BEGIN Input for this task
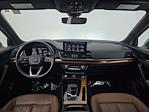 Used 2022 Audi Q5 S for sale #373342A - photo 15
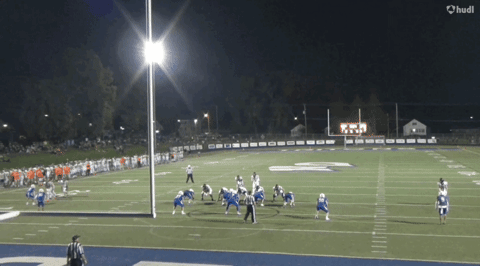 Derp42 giphyupload GIF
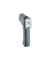31.1132 BEAM Infrarot Thermomet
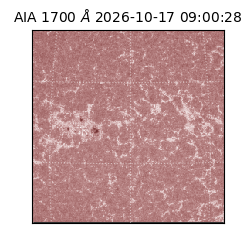 saia - 2026-10-17T09:00:28.717000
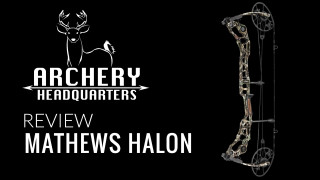 Archery headquarters review bow arrows - feature free wallpaper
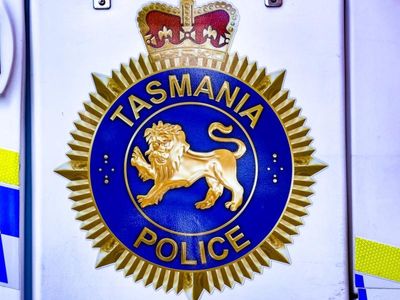 Tas cop felt support lacking, inquest told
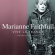 Faithful Marianne - Vive Le France (Live Broadcasts) Faithful Marianne - Vive Le France (Live Broadcasts)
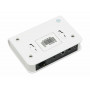 AT-AC10W WH. IP-конвертер. AccordTec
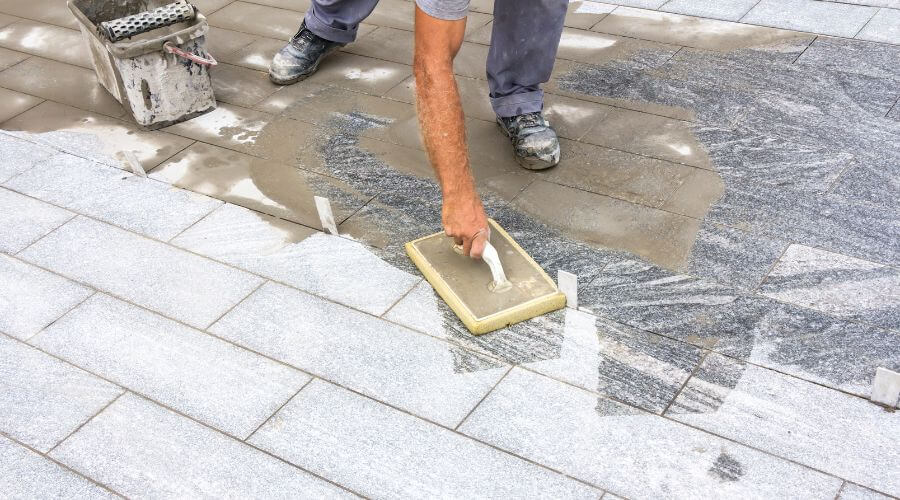 Professional residential roofers in Bellevue, MI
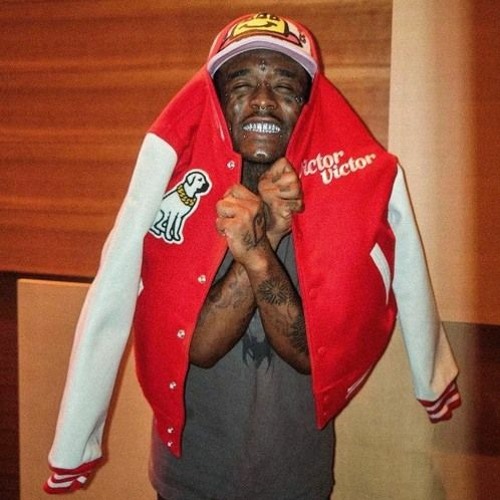 Lil Uzi Vert - Beamer CDQ (Snippet)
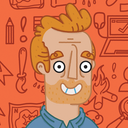 jimrogersillustration avatar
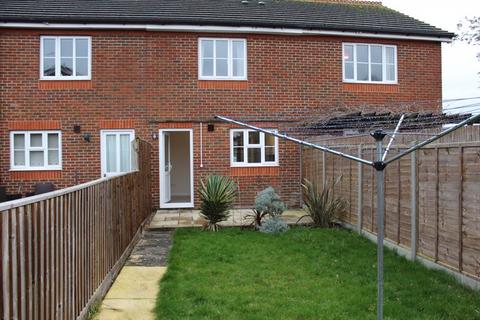 undefined, Two Double Bedroom House on Ladygrove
END Input for this task
The lines to copy begin at the one containing "Faithful Marianne - Vive Le France (Live Broadcasts) Faithful" and end at the last line of the records. Set down exactly those lines and no others, both ends included, and omit all pictures.

 Faithful Marianne - Vive Le France (Live Broadcasts) Faithful Marianne - Vive Le France (Live Broadcasts)
 AT-AC10W WH. IP-конвертер. AccordTec
 Professional residential roofers in Bellevue, MI
 Lil Uzi Vert - Beamer CDQ (Snippet)
 jimrogersillustration avatar
 undefined, Two Double Bedroom House on Ladygrove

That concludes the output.